Ergonomics: Redesigning a Tire Lever
Our assignment focused on iterative design of a handle– grounded in evaluation and testing. The initial phase involved employing analytical evaluation techniques, such as RULA, and subjective hand pressure mapping to narrow down our design space. Our objective was to refine our design direction based on a second round of user feedback. Instructors emphasized the significance of these iterative processes, especially when dealing with physical human factors and ergonomics.
We began with an initial study of our tool of choice: a tire lever, looking at pain points and where force was primarily applied. We started with very rough foam prototypes and took advantage of a “build to think” model, taking into consideration that leverage was a big aspect of using the tool. We tested with a handful of users who were knowledgeable about bikes, and used that information to develop more refined foam prototypes. Orthographic projections were necessary for understanding the shape and how to create it with the foam cutter.

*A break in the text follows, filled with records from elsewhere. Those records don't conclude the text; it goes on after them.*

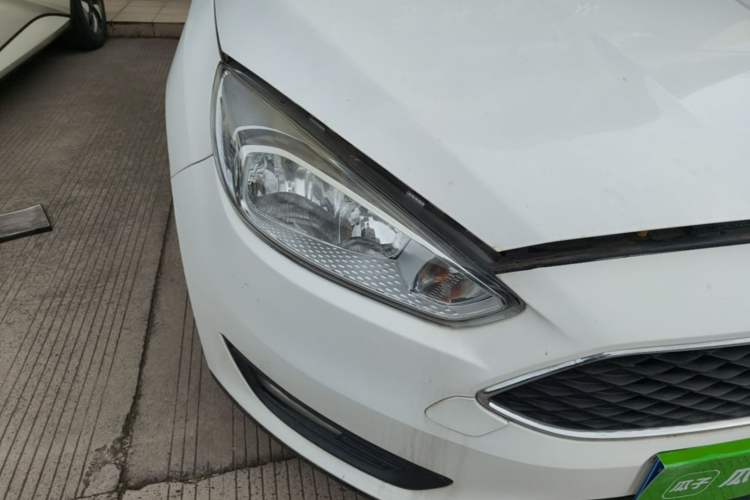 Used Ford Focus 2015 Hatchback 1.6L Automatic Comfort Model Right Front Headlight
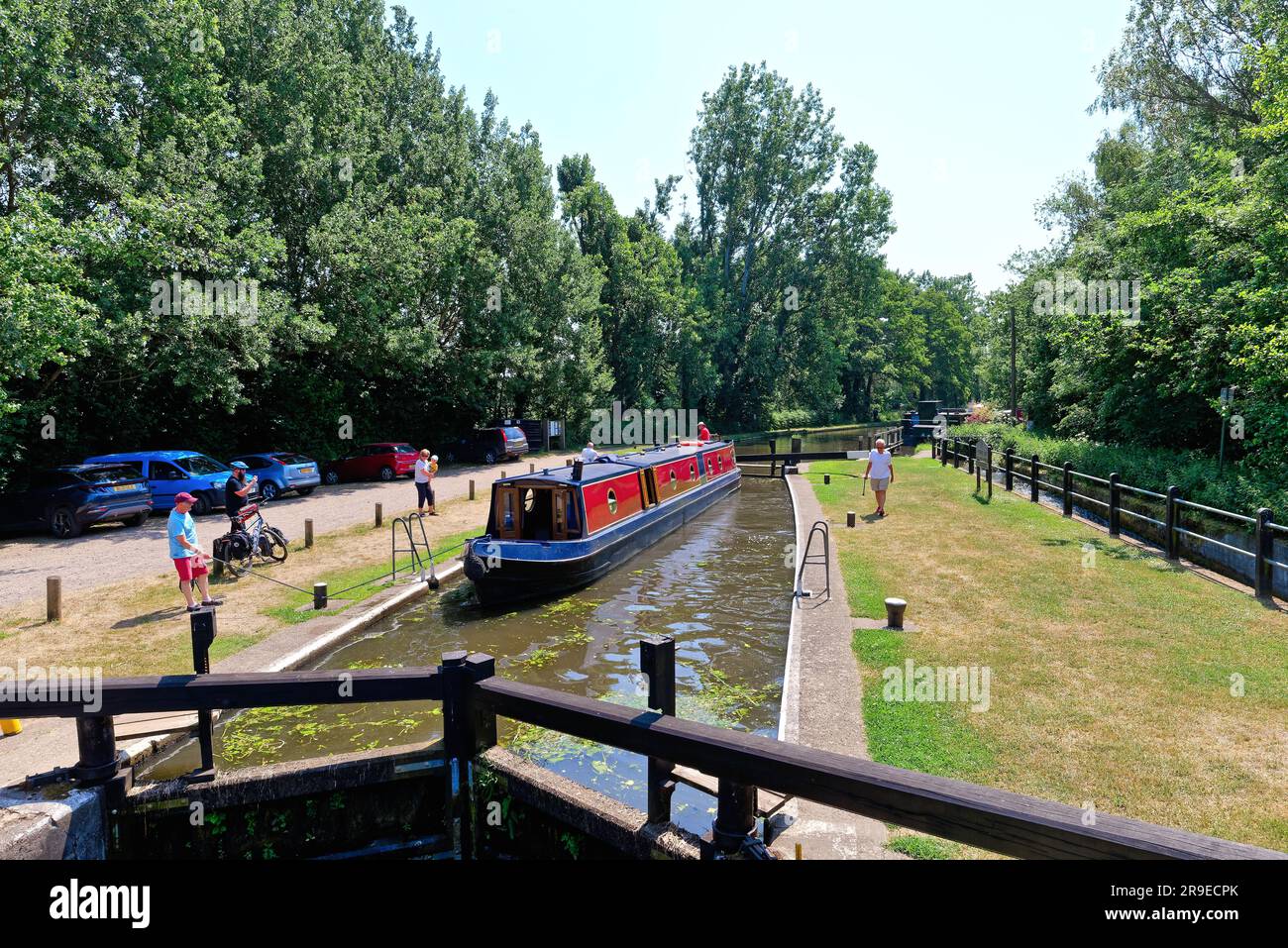 Crew working lock mechanism hi-res stock photography and images - Alamy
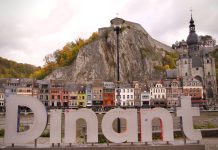 Dinant Belgiรซ: wat te doen in de stad van de saxofoon en de citadel Uitzicht over Dinant aan de maas met de letters, de citadel en de onze-lieve-vrouwen kerk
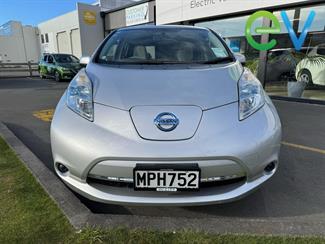 2012 Nissan LEAF - Thumbnail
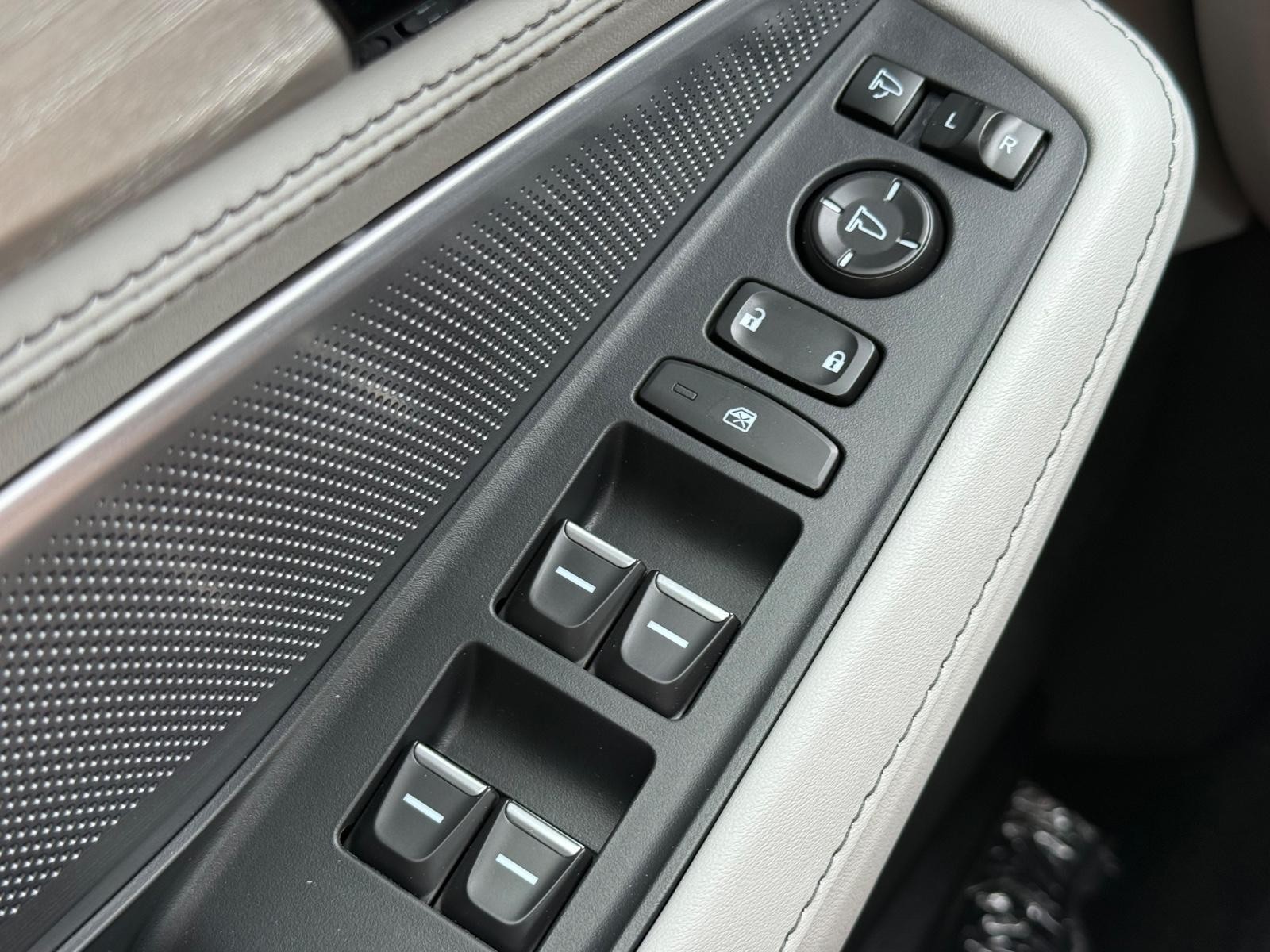 Acura MDX Vehicle Image 16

We evaluated 4 foam tire lever prototypes with new ergonomic handles of varying size and shape, and presented a summary of our findings. The outcome was a detailed document summarizing user feedback. From this, we selected one design to advance further in the design process, which was documented and presented in a 5-minute presentation, encapsulating the essence of the entire project.
In this project, our team struggled to find relevant users who had experience with using a tire lever. However, I tried to offset this by conducting as in depth an interview/testing with Jack, which provided a strong foundation for our analysis.